5.9.2. Effects on tubulin polymerization and on colchicine binding to tubulin

To evaluate the effect of the compounds on tubulin assembly in vitro,¹⁸ varying concentrations of compounds were preincubated with 10 μM bovine brain tubulin in glutamate buffer at 30 °C for 15 min and then cooled to 0 °C. After addition of 0.4 mM GTP, the mixtures were transferred to 0 °C cuvettes in a recording spectrophotometer and warmed to 30 °C. Tubulin assembly was followed turbidimetrically at 350 nm. The IC₅₀ was defined as the compound concentration that inhibited the extent of assembly by 50% after a 20 min incubation. The capacity of the test compounds to inhibit colchicine binding to tubulin was measured as described,¹⁹ except that the reaction mixtures contained 1 μM tubulin, 5 μM [³H]colchicine and 5 μM test compound.

5.9.3. Molecular modeling

All molecular modeling studies were performed on a MacPro dual 2.66 GHz Xeon running Ubuntu 10. The tubulin structure was downloaded from the PDB data bank (http://www.rcsb.org/— PDB code:1SA0).³¹ Hydrogen atoms were added to the protein, using the Protonate3D function of molecular operating environment (MOE).³² Ligand structures were built with MOE and minimized using the MMFF94x forcefield until a RMSD gradient of 0.05 kcal mol⁻¹ Å⁻¹ was reached. The docking simulations were performed using plants.³³ Molecular dynamics was performed with the Gromacs 4.5³⁴ with the Amber99 force field. The structure was solvated using TIP3P water molecules, providing a minimum of 9.0 Å of water between the protein surface and any periodic box edge. The system was neutralized, minimized and then a position restrain dynamics simulation was carried out for 150 ps. The production simulation was conducted for 2 ns at 298 K using a NPT environment. Inhibitors were parameterized by Antechamber of AmberTool 1.5.³⁵ Trajectories analysis were carried out by VMD.³⁵

5.9.4. Flow cytometric analysis of cell cycle distribution

For flow cytometric analysis of DNA content, 5 × 10⁵ HeLa or Jurkat cells in exponential growth were treated with different concentrations of the test compounds for 24 or 48 h. After incubation, the cells were collected, centrifuged and fixed with ice-cold ethanol (70%). The cells were treated with lysis buffer containing RNAse A and 0.1% Triton X-100 and stained with PI. Samples were analyzed on a Cytomic FC500 flow cytometer (Beckman Coulter). DNA histograms were analyzed using MultiCycle^® for Windows (Phoenix Flow Systems).

5.9.5. Annexin-V assay

Surface exposure of PS on apoptotic cells was measured by flow cytometry with a Coulter Cytomics FC500 (Beckman Coulter) by adding annexin-V-FITC to cells according to the manufacturer’s instructions (Annexin-V Fluos, Roche Diagnostic). Simultaneously, the cells were stained with PI.

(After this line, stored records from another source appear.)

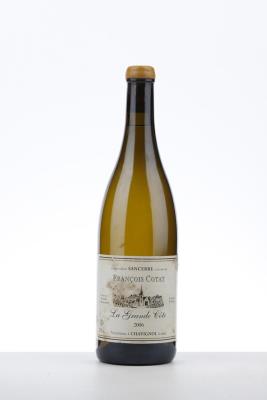 SANCERRE LA GRANDE COTE 2006 - Francois Cotat - 1 Bottle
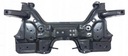 SUBBASTIDOR BASTIDOR SUBBASTIDOR OPEL CORSA D 2006-2014 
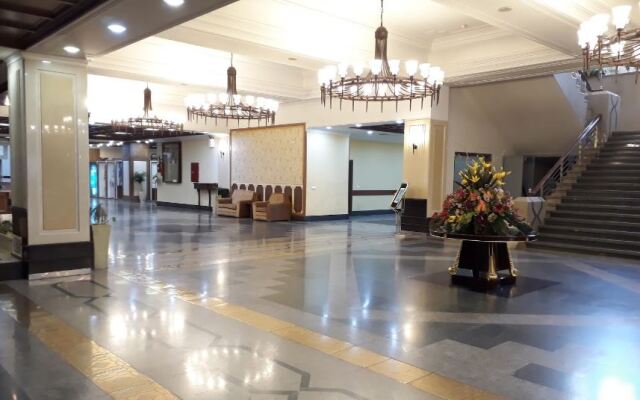 Olympic Hotel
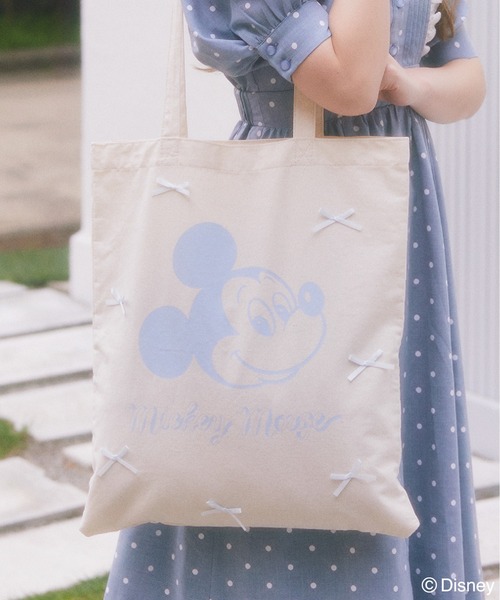 ミッキー 90周年 トートバッグのおすすめ人気商品一覧 通販 - Yahoo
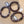 JEWELRY-Bracelet, Purple beads, Aventurine, Lula n' Lee - Pleasant Beach Living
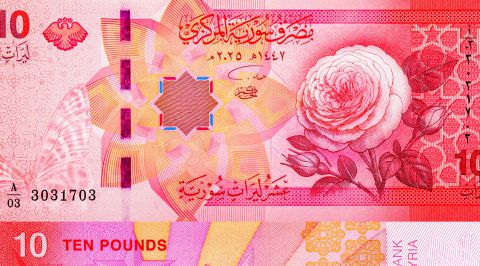 سوريا: ماقصة استبدال الليرة وسر الـ42 تريليوناً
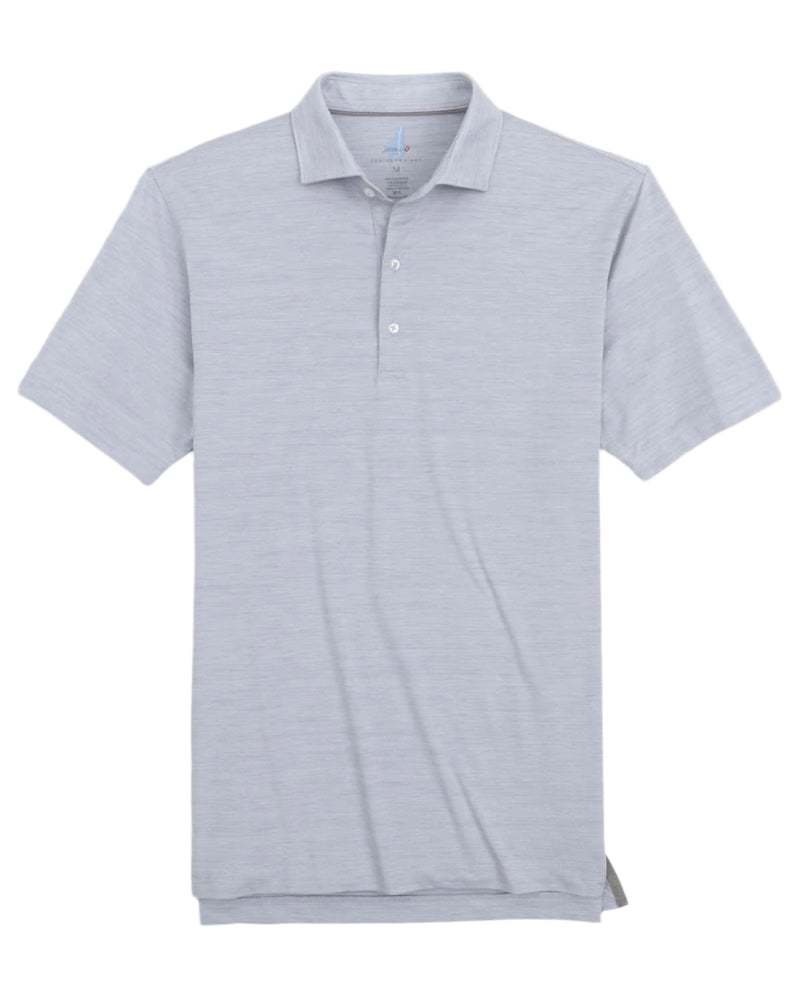 Men's 3 Button Hurronn Polo johnnie-O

5.9.6. Western blot analysis

HeLa cells were incubated in the presence of test compounds and, after different times, were collected, centrifuged and washed two times with ice cold phosphate-buffered saline (PBS). The pellet was resuspended in lysis buffer. After the cells were lysed on ice for 30 min, lysates were centrifuged at 15000 ×g at 4 °C for 10 min. The protein concentration in the supernatant was determined using BCA protein assay reagents (Pierce, Italy). Equal amounts of protein (20 μg) were resolved using sodium dodecyl sulfate polyacrylamide gel electrophoresis (SDS–PAGE) (7.5–15% acrylamide gels) and transferred to a PVDF Hybond-p membrane (GE Healthcare). Membranes were blocked with I-block (Tropix), the membrane being gently rotated overnight at 4 °C. Membranes were incubated with primary antibodies against, Bcl-2, Mcl-1, Xiap, cleaved caspase-8, procaspase-2, PARP, cdc25C, Bax, survivin Thr34 and cdc2 (Tyr 15) (all rabbit, Cell Signalling, Milano, Italy), cyclin B1 (mouse, BD, Milano, Italy) cleaved caspase-3 (mouse, Alexis) or β-actin (mouse, Sigma–Aldrich, Milano, Italy) for 2 h at room temperature. Membranes were next incubated with peroxidase-labeled goat anti-rabbit IgG (Sigma–Aldrich, Milano, Italy) or peroxidase-labeled goat anti-mouse IgG (Sigma–Aldrich) for 60 min. All membranes were visualized using ECL Advance (GE Healthcare) and exposed to Hyperfilm MP (GE Healthcare). To ensure equal protein loading, each membrane was stripped and reprobed with anti-β-actin antibody.

Supplementary Material

Supplemental

NIHMS426431-supplement-Supplemental.doc^{(52KB, doc)}

Acknowledgments

The authors would like to thank Dr. Alberto Casolari for excellent technical assistance.

Footnotes

Supplementary data

Supplementary data associated with this article can be found, in the online version, at http://dx.doi.org/10.1016/j.bmc.2012.10.001.

Contributor Information

Romeo Romagnoli, Email: rmr@unife.it.

Pier Giovanni Baraldi, Email: baraldi@unife.it.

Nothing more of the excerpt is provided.